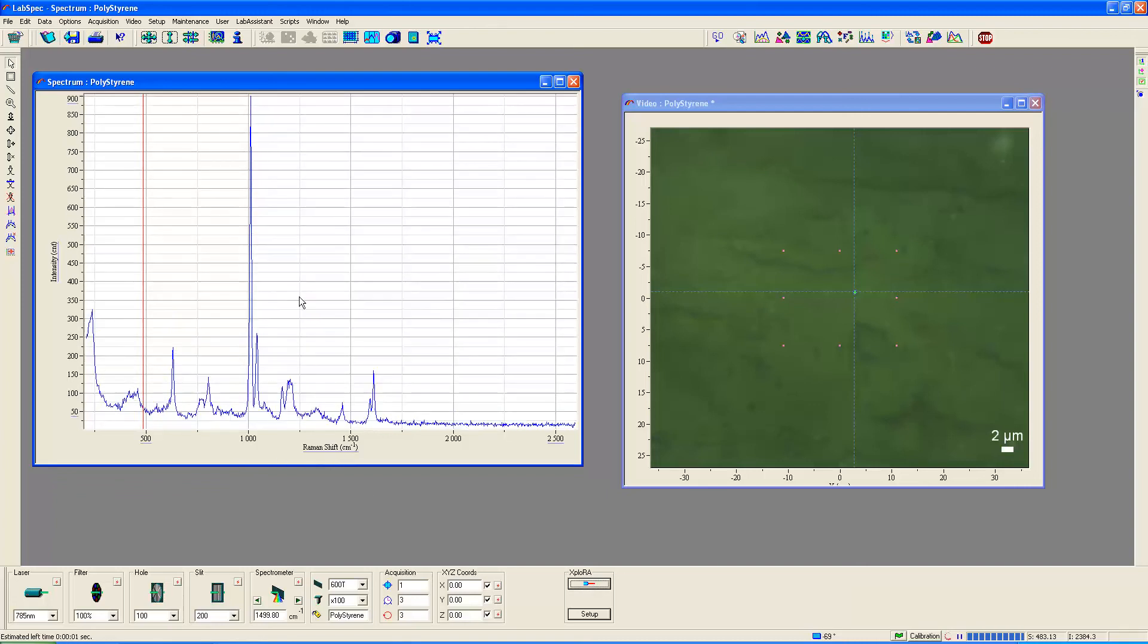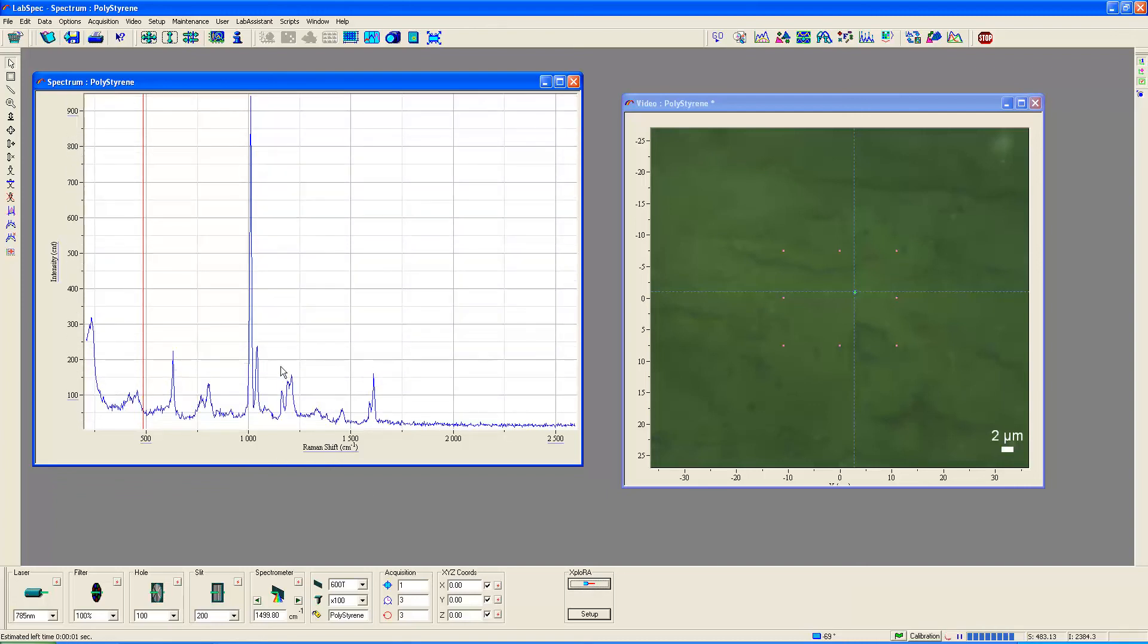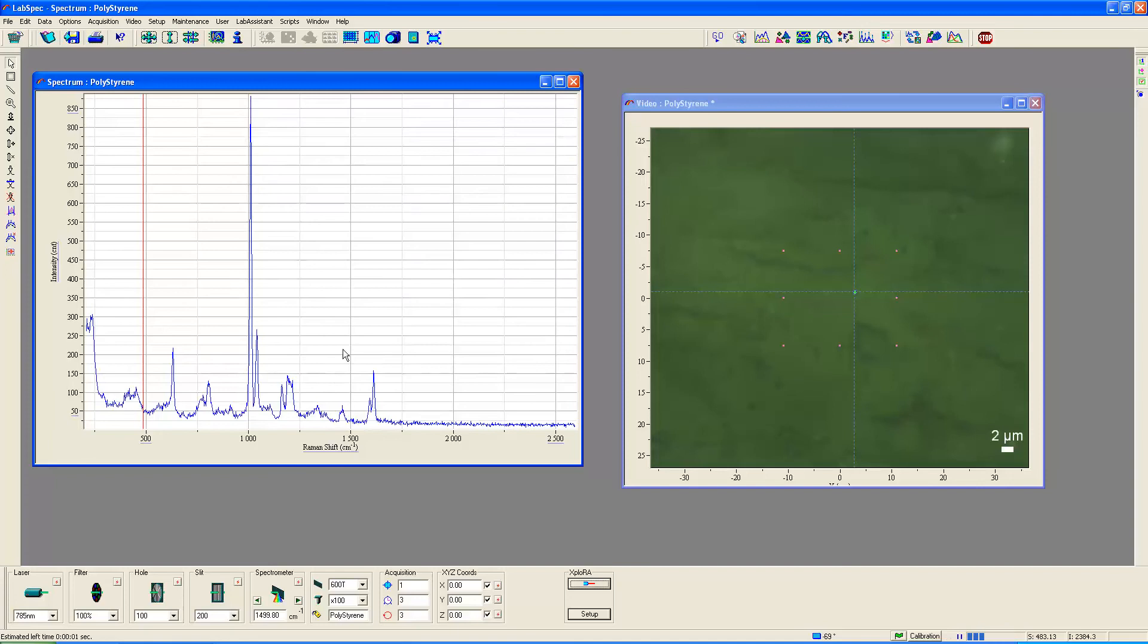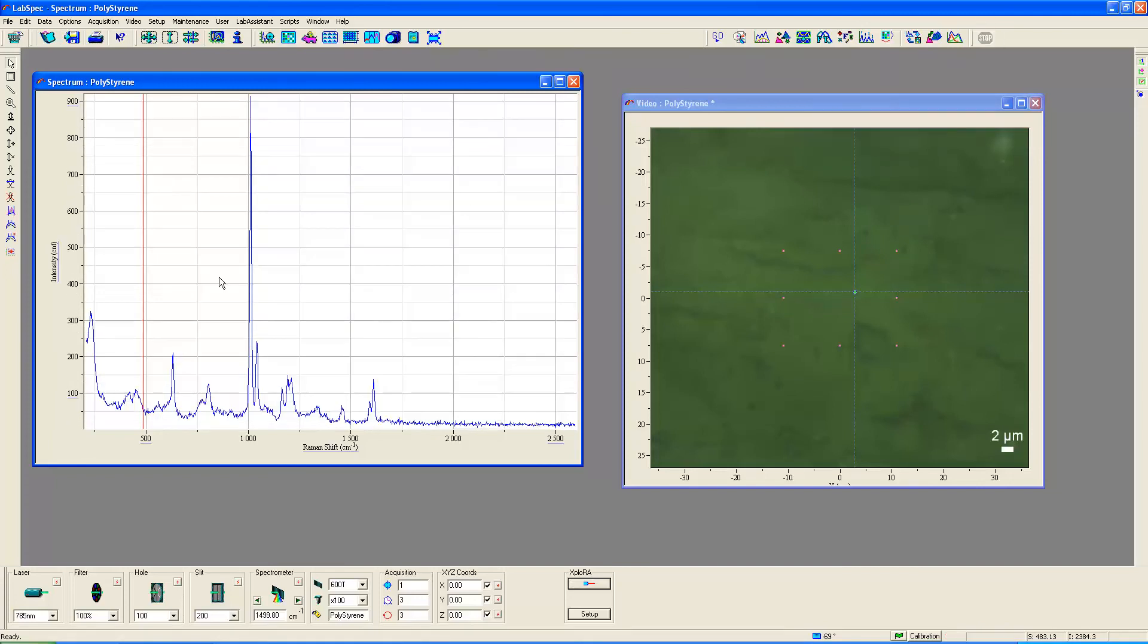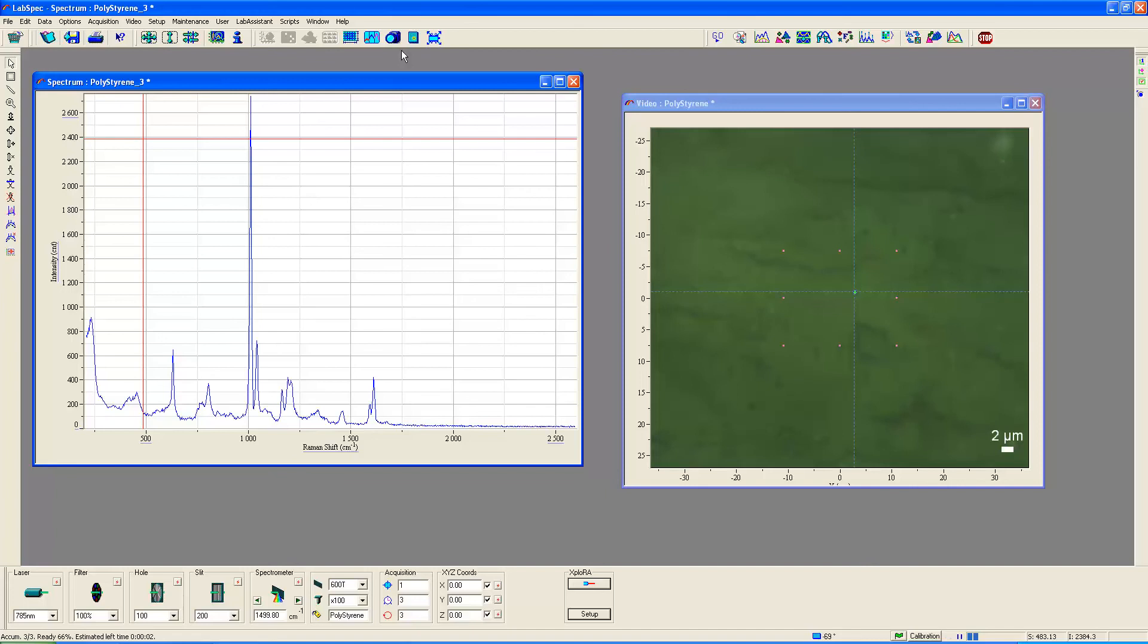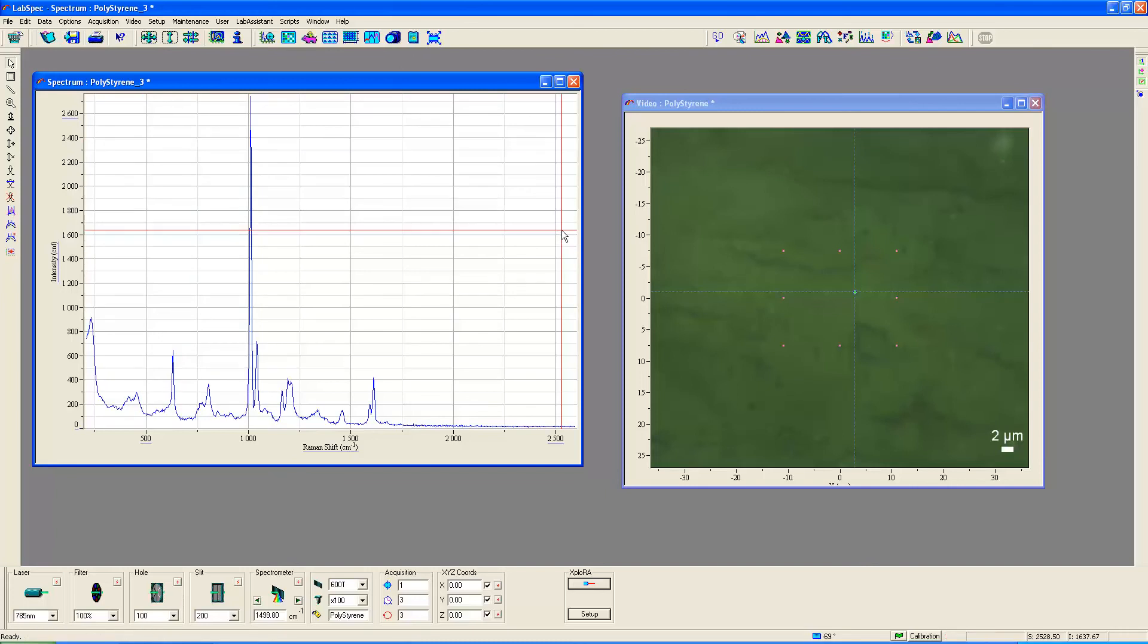So now, as you see, we get a very nice real-time spectrum of polystyrene. And let's, while we're at it now, let's click this button up here, the piggy bank. And now let's acquire a spectrum with the beam focused on the surface of this polystyrene. There's our spectrum that we've acquired.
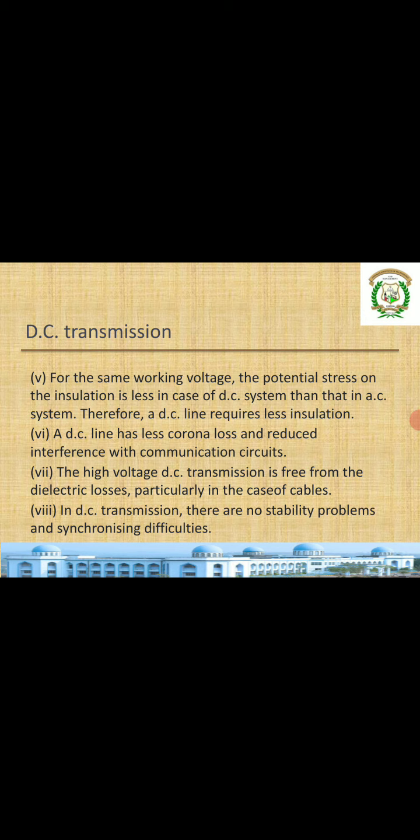For the same working voltage, the potential stress on the insulation is less in case of DC. In AC there will be more stress, so a DC line requires less insulation compared to the AC line. Also, a DC line has less corona loss and reduced interference with communication circuits.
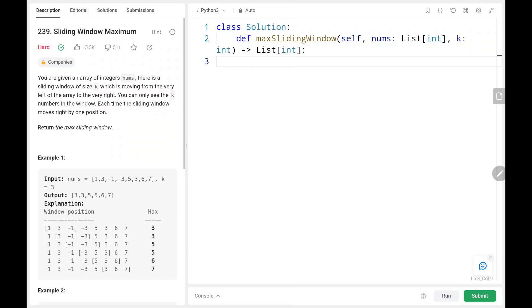Hey everyone, welcome back. Today we are going to solve problem number 239, sliding window maximum. First, we will see the explanation of the problem statement, then the logic and the code. Now let's dive into the solution.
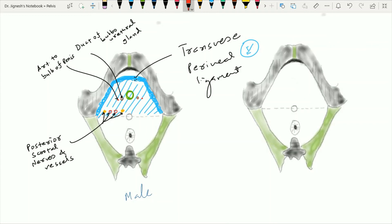This perineal membrane is also pierced on each side towards the lateral aspect of its attachment by two vessels: one is the deep artery of the penis or clitoris, and one is the dorsal artery of the penis or clitoris.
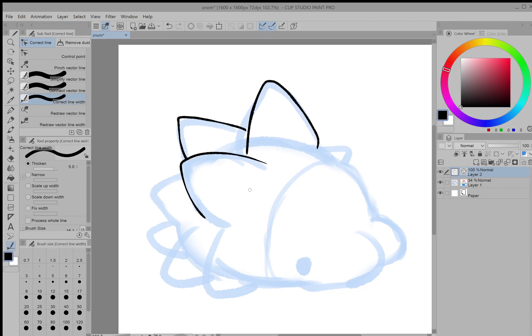There's a lot more you can do and I always keep finding new things with Clip Studio Paint, but I think those are the basic functions that should help you with vectors. I'll finish up the line art for this drawing just to give an example.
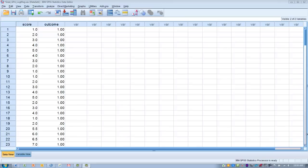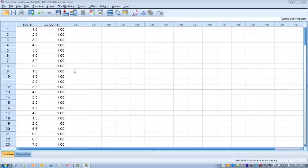AUC values closer to one indicate the screening measure reliably distinguishes among subjects that have the outcome of interest versus those who don't — in this case, a history of falling or not. The data we're looking at has two columns: the score on the balance test, where a lower score indicates poorer balance, and the outcome column indicating whether the subject has a history of falling. A score of zero means no history of falling; a score of one means they do have a history of falling. We want to see if the balance test score can predict this outcome, so we could design an intervention to prevent falling.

• _EXERCISE_: The answer is the full listing above, reproduced character for character, minus its images.

• _FINAL ANSWER_:
So now, as you see, we get a very nice real-time spectrum of polystyrene. And let's, while we're at it now, let's click this button up here, the piggy bank. And now let's acquire a spectrum with the beam focused on the surface of this polystyrene. There's our spectrum that we've acquired.
For the same working voltage, the potential stress on the insulation is less in case of DC. In AC there will be more stress, so a DC line requires less insulation compared to the AC line. Also, a DC line has less corona loss and reduced interference with communication circuits.
Hey everyone, welcome back. Today we are going to solve problem number 239, sliding window maximum. First, we will see the explanation of the problem statement, then the logic and the code. Now let's dive into the solution.
This perineal membrane is also pierced on each side towards the lateral aspect of its attachment by two vessels: one is the deep artery of the penis or clitoris, and one is the dorsal artery of the penis or clitoris.
There's a lot more you can do and I always keep finding new things with Clip Studio Paint, but I think those are the basic functions that should help you with vectors. I'll finish up the line art for this drawing just to give an example.
AUC values closer to one indicate the screening measure reliably distinguishes among subjects that have the outcome of interest versus those who don't — in this case, a history of falling or not. The data we're looking at has two columns: the score on the balance test, where a lower score indicates poorer balance, and the outcome column indicating whether the subject has a history of falling. A score of zero means no history of falling; a score of one means they do have a history of falling. We want to see if the balance test score can predict this outcome, so we could design an intervention to prevent falling.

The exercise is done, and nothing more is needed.